-------- Records shown --------

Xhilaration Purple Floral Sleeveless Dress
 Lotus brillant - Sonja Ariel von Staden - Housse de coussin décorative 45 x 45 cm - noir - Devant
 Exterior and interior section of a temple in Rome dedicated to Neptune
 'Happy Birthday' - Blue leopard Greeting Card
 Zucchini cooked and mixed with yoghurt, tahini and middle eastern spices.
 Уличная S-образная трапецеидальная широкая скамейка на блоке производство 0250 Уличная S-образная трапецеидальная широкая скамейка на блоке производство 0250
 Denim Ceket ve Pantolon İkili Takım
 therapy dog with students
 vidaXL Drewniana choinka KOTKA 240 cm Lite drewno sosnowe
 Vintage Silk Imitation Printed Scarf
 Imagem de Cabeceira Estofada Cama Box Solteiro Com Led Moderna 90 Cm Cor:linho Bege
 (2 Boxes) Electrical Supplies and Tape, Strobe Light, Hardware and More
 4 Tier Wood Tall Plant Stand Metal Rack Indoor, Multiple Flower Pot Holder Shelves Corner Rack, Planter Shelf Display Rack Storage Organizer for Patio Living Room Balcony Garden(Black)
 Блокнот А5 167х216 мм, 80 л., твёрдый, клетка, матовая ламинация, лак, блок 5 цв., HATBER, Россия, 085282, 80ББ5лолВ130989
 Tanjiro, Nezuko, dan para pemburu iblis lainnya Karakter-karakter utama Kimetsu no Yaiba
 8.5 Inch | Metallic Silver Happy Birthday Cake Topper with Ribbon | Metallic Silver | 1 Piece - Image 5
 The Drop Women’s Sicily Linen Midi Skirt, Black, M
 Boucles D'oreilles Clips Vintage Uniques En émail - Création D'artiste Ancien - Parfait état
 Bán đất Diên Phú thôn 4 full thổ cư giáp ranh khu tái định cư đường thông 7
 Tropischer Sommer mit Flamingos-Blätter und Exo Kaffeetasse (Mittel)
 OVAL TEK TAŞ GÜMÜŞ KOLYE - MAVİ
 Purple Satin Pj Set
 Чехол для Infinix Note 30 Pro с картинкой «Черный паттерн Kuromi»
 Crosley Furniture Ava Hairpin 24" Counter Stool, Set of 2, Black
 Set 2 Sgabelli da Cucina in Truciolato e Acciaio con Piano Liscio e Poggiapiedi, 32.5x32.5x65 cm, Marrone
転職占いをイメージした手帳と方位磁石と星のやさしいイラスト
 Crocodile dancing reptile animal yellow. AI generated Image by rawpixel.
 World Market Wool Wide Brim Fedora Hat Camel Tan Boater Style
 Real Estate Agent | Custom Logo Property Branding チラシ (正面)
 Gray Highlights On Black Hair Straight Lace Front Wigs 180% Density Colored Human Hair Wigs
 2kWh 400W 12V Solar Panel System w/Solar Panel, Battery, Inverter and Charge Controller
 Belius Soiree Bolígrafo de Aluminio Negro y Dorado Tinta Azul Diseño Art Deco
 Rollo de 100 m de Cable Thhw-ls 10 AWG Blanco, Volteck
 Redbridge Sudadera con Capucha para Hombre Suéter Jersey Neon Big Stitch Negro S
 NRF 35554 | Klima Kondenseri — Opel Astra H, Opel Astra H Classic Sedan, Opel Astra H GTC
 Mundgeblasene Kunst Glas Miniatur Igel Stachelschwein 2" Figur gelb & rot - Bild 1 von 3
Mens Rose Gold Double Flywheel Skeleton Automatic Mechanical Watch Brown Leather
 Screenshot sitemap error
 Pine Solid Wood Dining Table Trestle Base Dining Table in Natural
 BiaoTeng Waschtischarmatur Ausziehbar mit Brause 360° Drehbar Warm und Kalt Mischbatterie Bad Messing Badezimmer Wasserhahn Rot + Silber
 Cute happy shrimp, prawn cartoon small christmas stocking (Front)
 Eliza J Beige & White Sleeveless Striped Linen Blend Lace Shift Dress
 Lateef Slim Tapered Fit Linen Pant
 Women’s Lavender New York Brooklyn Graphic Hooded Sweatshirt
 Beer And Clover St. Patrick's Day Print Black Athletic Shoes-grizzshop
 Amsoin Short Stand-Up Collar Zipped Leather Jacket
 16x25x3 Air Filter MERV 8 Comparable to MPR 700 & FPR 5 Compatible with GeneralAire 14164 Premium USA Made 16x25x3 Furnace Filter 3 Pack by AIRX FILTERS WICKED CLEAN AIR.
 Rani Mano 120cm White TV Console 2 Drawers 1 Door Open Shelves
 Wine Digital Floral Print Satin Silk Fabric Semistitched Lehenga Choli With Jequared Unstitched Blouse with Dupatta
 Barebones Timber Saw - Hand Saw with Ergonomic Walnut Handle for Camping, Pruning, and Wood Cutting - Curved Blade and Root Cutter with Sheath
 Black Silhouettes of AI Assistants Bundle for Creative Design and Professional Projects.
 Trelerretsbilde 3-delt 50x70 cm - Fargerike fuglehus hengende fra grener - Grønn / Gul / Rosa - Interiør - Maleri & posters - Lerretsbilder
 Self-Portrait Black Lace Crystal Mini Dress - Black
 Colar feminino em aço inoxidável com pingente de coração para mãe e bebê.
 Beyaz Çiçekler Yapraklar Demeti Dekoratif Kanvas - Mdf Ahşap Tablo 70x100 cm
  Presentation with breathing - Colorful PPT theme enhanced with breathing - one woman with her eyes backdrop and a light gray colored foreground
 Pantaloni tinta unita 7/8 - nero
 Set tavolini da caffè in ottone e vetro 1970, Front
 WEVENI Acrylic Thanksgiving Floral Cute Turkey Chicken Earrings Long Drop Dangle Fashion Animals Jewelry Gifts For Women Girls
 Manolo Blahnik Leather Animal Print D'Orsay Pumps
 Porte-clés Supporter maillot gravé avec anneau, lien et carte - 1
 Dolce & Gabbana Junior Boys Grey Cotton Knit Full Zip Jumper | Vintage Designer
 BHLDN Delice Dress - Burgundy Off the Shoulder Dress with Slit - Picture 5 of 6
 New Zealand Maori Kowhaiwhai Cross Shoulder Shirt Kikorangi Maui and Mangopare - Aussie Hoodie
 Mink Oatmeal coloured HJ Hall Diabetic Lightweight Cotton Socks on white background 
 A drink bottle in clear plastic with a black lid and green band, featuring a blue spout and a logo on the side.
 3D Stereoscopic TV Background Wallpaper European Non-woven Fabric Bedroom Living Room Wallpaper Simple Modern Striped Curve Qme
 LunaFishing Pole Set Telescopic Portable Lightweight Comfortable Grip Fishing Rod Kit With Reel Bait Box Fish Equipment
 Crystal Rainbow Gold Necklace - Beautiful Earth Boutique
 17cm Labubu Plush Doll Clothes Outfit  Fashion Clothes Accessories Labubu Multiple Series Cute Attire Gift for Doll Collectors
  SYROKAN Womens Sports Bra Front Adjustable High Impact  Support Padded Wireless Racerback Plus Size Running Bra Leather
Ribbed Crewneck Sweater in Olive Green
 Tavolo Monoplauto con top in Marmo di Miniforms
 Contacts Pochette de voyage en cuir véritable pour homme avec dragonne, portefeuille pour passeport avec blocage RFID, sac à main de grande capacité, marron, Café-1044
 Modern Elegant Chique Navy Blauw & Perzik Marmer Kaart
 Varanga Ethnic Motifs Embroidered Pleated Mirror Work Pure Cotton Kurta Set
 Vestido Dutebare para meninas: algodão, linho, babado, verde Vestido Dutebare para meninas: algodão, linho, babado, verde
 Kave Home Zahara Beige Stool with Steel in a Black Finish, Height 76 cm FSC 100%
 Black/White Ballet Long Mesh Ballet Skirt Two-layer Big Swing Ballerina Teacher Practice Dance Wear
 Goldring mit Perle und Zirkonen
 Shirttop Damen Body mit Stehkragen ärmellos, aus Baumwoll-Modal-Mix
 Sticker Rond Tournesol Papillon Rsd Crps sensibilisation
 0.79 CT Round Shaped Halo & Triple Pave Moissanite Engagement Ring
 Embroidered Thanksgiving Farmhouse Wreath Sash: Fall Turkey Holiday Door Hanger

--------

* Requirement: All that is needed is the exact run of lines above from the line containing "Tavolo Monoplauto con" through the line containing "Black/White Ballet Long", both of them included.

* Output below:
 Tavolo Monoplauto con top in Marmo di Miniforms
 Contacts Pochette de voyage en cuir véritable pour homme avec dragonne, portefeuille pour passeport avec blocage RFID, sac à main de grande capacité, marron, Café-1044
 Modern Elegant Chique Navy Blauw & Perzik Marmer Kaart
 Varanga Ethnic Motifs Embroidered Pleated Mirror Work Pure Cotton Kurta Set
 Vestido Dutebare para meninas: algodão, linho, babado, verde Vestido Dutebare para meninas: algodão, linho, babado, verde
 Kave Home Zahara Beige Stool with Steel in a Black Finish, Height 76 cm FSC 100%
 Black/White Ballet Long Mesh Ballet Skirt Two-layer Big Swing Ballerina Teacher Practice Dance Wear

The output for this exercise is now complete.